Imputation:
Before moving on to the data encoding stage, we first impute the missing values in the features using a dictionary variable in Dataiku variables, which is used by the "simple_imput()" function in the Python encoding recipe.
The details of the imputation method for each feature with missing values can be summarized in this table:
GBU | Feature | Imputation method | Details |
|---|---|---|---|
CS | product_group | most frequent | applied for all families |
| CS | end_use | most frequent | applied for all families |
| CS | gbu_customer_seg | most frequent | applied for all families |
| CS | manual_region | most frequent | applied for all families |
| CS | lip2 | most frequent | applied only for Alkoxylates |
| CS | historical_unit_price_coalesce_ratio_on_12 | constant | value equal to 1 for all families |
| CS | historical_sales_coalesce_ratio_on_12 | constant | value equal to 1 for all families |
| CS | historical_unit_price_ratio_3_on_12_month | constant | value equal to 1 for all families |
| CS | n_competitors | constant | applied for Sulfosuccinate_Sulfosuccinamate & Sulfosuccinates_Healthcare value equal to 1 |
| CS | COMPONENT_ratio | mean | applied for all families |
| CS | IMPURITY_ratio | mean | applied for all families |
| CS | SOLVENT_ratio | mean | applied for all families |
| CS | n_components | mean | applied for all families |
To monitor the percentage of imputations per feature and per CPC, we added a specific zone in the flow named "Imputation_analysis":
In this zone we created three separate datasets, as follow:
- Imputed_features_by_cpc: Contains imputed values (based on the adopted method defined above) for each CPC for the included features in the corresponding family. Two metrics are controlled in this dataset, the first being "tot_features_weights" which computes the impact of the imputed features for each CPC based on the average weights (from the first model) of these features.

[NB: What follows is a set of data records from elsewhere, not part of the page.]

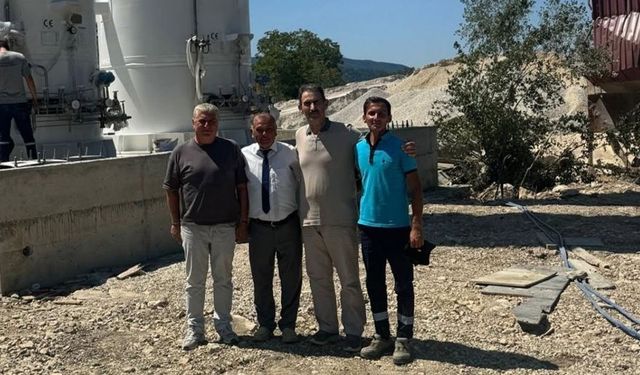 Karadeniz’in en büyüğü Kastamonu’da yükseliyor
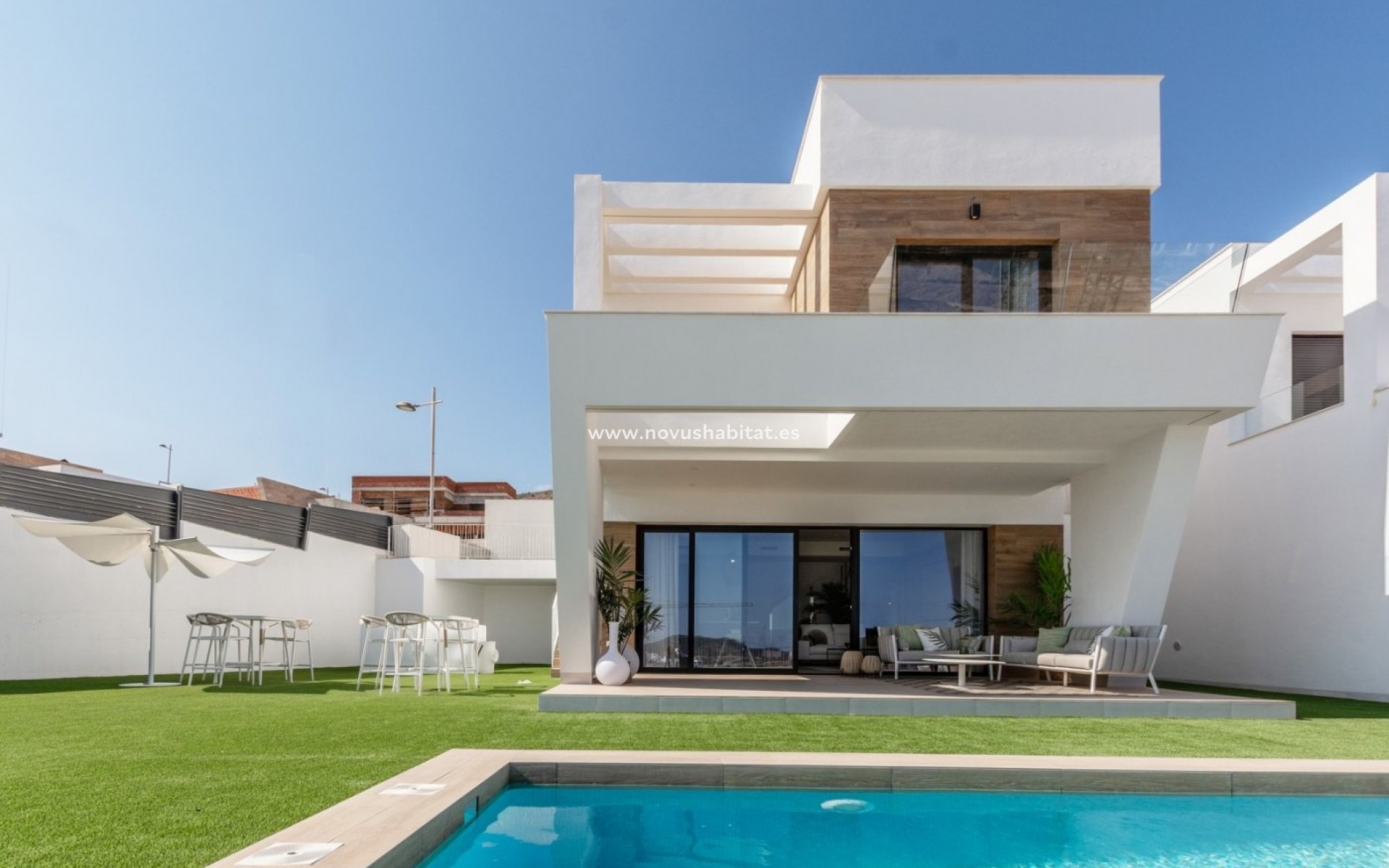 Nueva construcción  - Villa - Finestrat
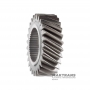 Gear 3rd gear input shaft K1 VAG eHybrid DQ400 0DD 0DD311285F - 27 teeth (outer Ø 67.70 mm), 46 splines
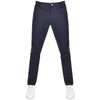 Calvin Klein Men's Infinite Slim-fit Stretch Pants In Navy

The second is "pct_imputed_cols", which calculates the percentage of imputed features in relation to the features included in the corresponding CPC family.
==> The checks carried out in this dataset compare these metrics with a fixed threshold of 0.4 for the first metric and 0.5 for the second (these values can be modified in the check parameters).
- Imputed_HBs_by_cpc: Contains imputation statistics only for the features included as hard boundaries (number and percentage of imputed hard boundaries for each family by CPC).
==> The check sends a warning or an error (depending on the type of message defined in the dataiku variables) if the "pct_imputed_cols" is greater than a threshold (set to 0.5 in the check parameters).
- Imputation_pct_by_feature: Calculates the percentage of imputation for each features (including HBs) by family.
==> The check verifies whether the imputation pct for a given feature is greater than the defined threshold (set at 0.5 in the check parameters).
Collapse categorical:
In the Python encoding recipe we also collapse categorical features using the "collapse_categorical()" function, in which we define a threshold to collapse modalities that have fewer values than this threshold (the default value is 5).